Aim of the exercise >> What is needed is an exact transcription of every record.

Provided records >>
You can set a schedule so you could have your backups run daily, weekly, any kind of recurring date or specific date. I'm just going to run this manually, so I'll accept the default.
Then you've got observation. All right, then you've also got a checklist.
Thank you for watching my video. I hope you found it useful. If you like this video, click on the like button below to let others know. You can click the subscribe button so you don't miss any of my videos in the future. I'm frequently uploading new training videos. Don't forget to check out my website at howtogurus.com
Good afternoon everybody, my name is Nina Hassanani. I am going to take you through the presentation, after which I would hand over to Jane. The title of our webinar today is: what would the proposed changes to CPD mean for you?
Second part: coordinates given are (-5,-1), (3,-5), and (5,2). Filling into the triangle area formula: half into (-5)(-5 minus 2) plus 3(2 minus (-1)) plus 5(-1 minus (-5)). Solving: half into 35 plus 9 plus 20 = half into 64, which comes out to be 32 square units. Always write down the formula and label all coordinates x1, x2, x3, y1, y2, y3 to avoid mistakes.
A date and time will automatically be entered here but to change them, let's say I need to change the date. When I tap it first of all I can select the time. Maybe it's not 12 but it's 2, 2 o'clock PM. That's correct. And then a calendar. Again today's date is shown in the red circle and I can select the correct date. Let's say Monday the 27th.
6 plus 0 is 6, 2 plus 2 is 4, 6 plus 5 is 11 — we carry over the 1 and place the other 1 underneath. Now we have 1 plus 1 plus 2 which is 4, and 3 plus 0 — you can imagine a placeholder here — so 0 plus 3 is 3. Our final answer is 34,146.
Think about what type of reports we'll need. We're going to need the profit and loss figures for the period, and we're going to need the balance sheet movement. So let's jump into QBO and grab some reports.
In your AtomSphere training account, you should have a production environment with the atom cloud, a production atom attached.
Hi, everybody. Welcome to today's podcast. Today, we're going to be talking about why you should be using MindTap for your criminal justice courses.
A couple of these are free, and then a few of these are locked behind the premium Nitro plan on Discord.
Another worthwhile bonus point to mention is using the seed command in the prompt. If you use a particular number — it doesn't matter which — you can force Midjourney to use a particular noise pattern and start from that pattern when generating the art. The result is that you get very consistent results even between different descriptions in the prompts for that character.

Exercise output >>
You can set a schedule so you could have your backups run daily, weekly, any kind of recurring date or specific date. I'm just going to run this manually, so I'll accept the default.
Then you've got observation. All right, then you've also got a checklist.
Thank you for watching my video. I hope you found it useful. If you like this video, click on the like button below to let others know. You can click the subscribe button so you don't miss any of my videos in the future. I'm frequently uploading new training videos. Don't forget to check out my website at howtogurus.com
Good afternoon everybody, my name is Nina Hassanani. I am going to take you through the presentation, after which I would hand over to Jane. The title of our webinar today is: what would the proposed changes to CPD mean for you?
Second part: coordinates given are (-5,-1), (3,-5), and (5,2). Filling into the triangle area formula: half into (-5)(-5 minus 2) plus 3(2 minus (-1)) plus 5(-1 minus (-5)). Solving: half into 35 plus 9 plus 20 = half into 64, which comes out to be 32 square units. Always write down the formula and label all coordinates x1, x2, x3, y1, y2, y3 to avoid mistakes.
A date and time will automatically be entered here but to change them, let's say I need to change the date. When I tap it first of all I can select the time. Maybe it's not 12 but it's 2, 2 o'clock PM. That's correct. And then a calendar. Again today's date is shown in the red circle and I can select the correct date. Let's say Monday the 27th.
6 plus 0 is 6, 2 plus 2 is 4, 6 plus 5 is 11 — we carry over the 1 and place the other 1 underneath. Now we have 1 plus 1 plus 2 which is 4, and 3 plus 0 — you can imagine a placeholder here — so 0 plus 3 is 3. Our final answer is 34,146.
Think about what type of reports we'll need. We're going to need the profit and loss figures for the period, and we're going to need the balance sheet movement. So let's jump into QBO and grab some reports.
In your AtomSphere training account, you should have a production environment with the atom cloud, a production atom attached.
Hi, everybody. Welcome to today's podcast. Today, we're going to be talking about why you should be using MindTap for your criminal justice courses.
A couple of these are free, and then a few of these are locked behind the premium Nitro plan on Discord.
Another worthwhile bonus point to mention is using the seed command in the prompt. If you use a particular number — it doesn't matter which — you can force Midjourney to use a particular noise pattern and start from that pattern when generating the art. The result is that you get very consistent results even between different descriptions in the prompts for that character.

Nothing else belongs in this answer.